That took a change in my own thinking when I came to the company [Cook left Compaq to join Apple in 1998]. I had been in the Windows world before that, and that world was all about making the most. It still is.

This admission reveals something important: the "make the most" mentality isn't just a tech problem, it's a cultural default that even experienced leaders have to consciously unlearn. Cook had to rewire his own definition of success when he joined Apple.

When Apple looks at what categories to enter, we ask these kinds of questions: What are the primary technologies behind this? What do we bring? Can we make a significant contribution to society with this? If we can't, and if we can't own the key technologies, we don't do it.

The Discipline of Saying No

What strikes me most about this philosophy is how much discipline it requires. It's easy to chase every opportunity, to optimise for growth at all costs, to measure success purely in numerical terms. It's much harder to ask: "Should we even be doing this? Can we do it exceptionally well? Will it genuinely matter?"

This connects to something I've observed in my own work: the best projects often come from saying no to good opportunities in order to say yes to great ones. But "great" is harder to measure than "big." You can't easily graph "making a significant contribution to society" the way you can track monthly active users.

The irony, of course, is that Apple's commitment to "making the best" has ultimately led to making quite a lot. They're one of the world's most valuable companies. But the financial success seems to be a byproduct of the philosophy, not the goal itself.
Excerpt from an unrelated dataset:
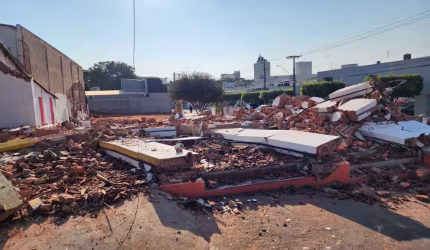 Terreno para Venda em Umuarama, Centro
Beyond the Valley's Growth Obsession

This perspective feels especially relevant as we watch tech companies struggle with the long-term consequences of growth-at-all-costs thinking. From social media platforms grappling with misinformation to startups burning through venture capital without sustainable business models, the "make the most" mentality has created systemic problems that are harder to solve than they were to create.

Apple's approach suggests an alternative: What if we started with the question of whether something is worth making excellently, rather than whether it can scale quickly? What if we measured success by the depth of impact rather than just the breadth of reach?

This doesn't mean abandoning ambition or avoiding scale, it means ensuring that scale serves a deeper purpose. It means building things that you'd be proud to have your name on, even if they never became the biggest thing in their category.

The challenge, of course, is that this philosophy requires long-term thinking in an environment that often rewards short-term results. It requires confidence in your vision when metrics might suggest a different path. It requires the discipline to turn down opportunities that could be profitable but wouldn't be meaningful.

But maybe that's exactly what makes it worth pursuing.